__WORK REQUIRED__:
Could the entries below be reproduced exactly, with the images removed?

Image-text web data:
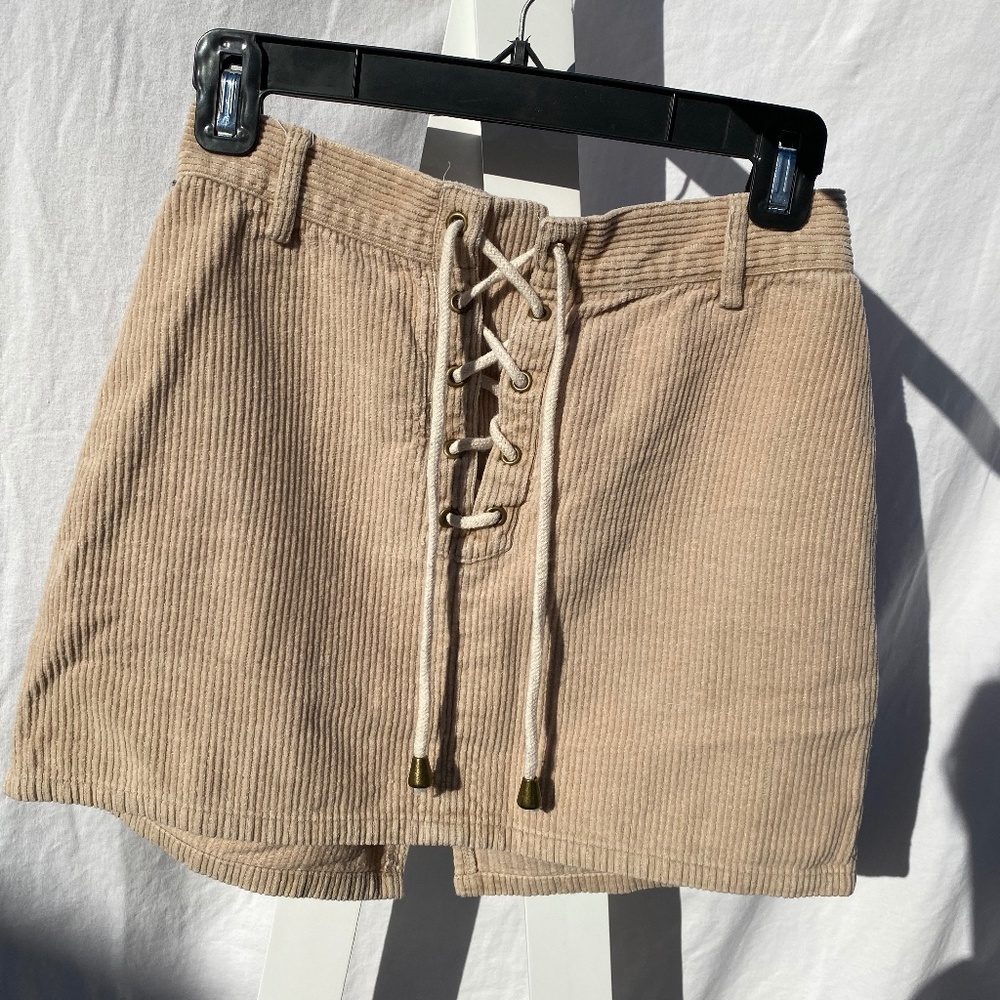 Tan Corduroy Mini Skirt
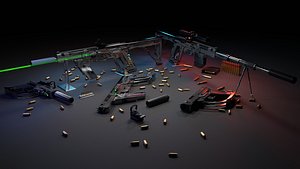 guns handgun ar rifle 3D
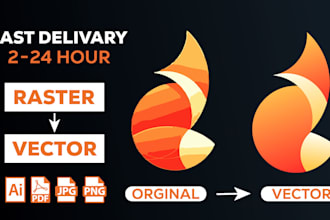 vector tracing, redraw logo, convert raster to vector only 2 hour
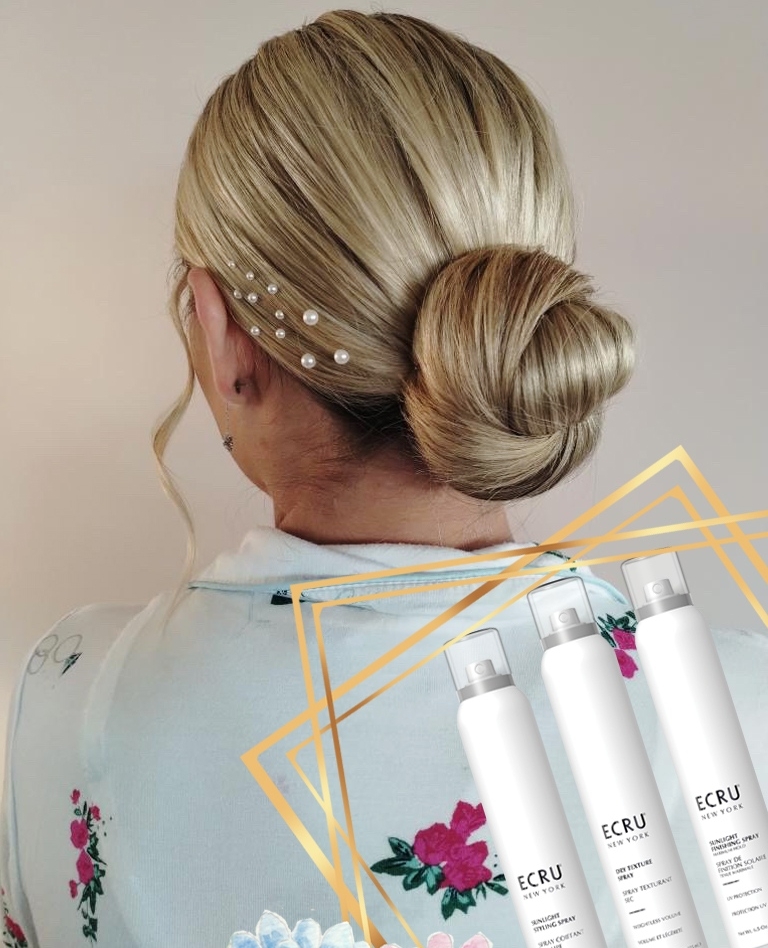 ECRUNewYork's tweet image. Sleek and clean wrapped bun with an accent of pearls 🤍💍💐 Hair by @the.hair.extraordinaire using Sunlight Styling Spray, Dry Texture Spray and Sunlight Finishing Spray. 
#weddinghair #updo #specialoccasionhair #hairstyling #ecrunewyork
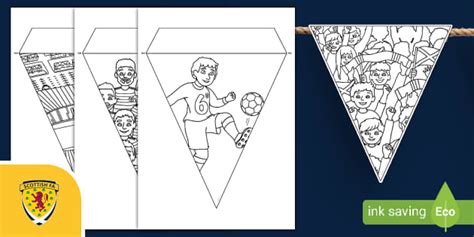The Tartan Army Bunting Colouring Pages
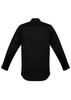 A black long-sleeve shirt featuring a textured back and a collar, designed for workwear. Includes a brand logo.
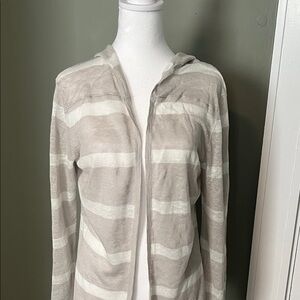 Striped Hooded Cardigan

__RESPONSE AREA__:
 Tan Corduroy Mini Skirt
 guns handgun ar rifle 3D
 vector tracing, redraw logo, convert raster to vector only 2 hour
 ECRUNewYork's tweet image. Sleek and clean wrapped bun with an accent of pearls 🤍💍💐 Hair by @the.hair.extraordinaire using Sunlight Styling Spray, Dry Texture Spray and Sunlight Finishing Spray. 
#weddinghair #updo #specialoccasionhair #hairstyling #ecrunewyork
The Tartan Army Bunting Colouring Pages
 A black long-sleeve shirt featuring a textured back and a collar, designed for workwear. Includes a brand logo.
 Striped Hooded Cardigan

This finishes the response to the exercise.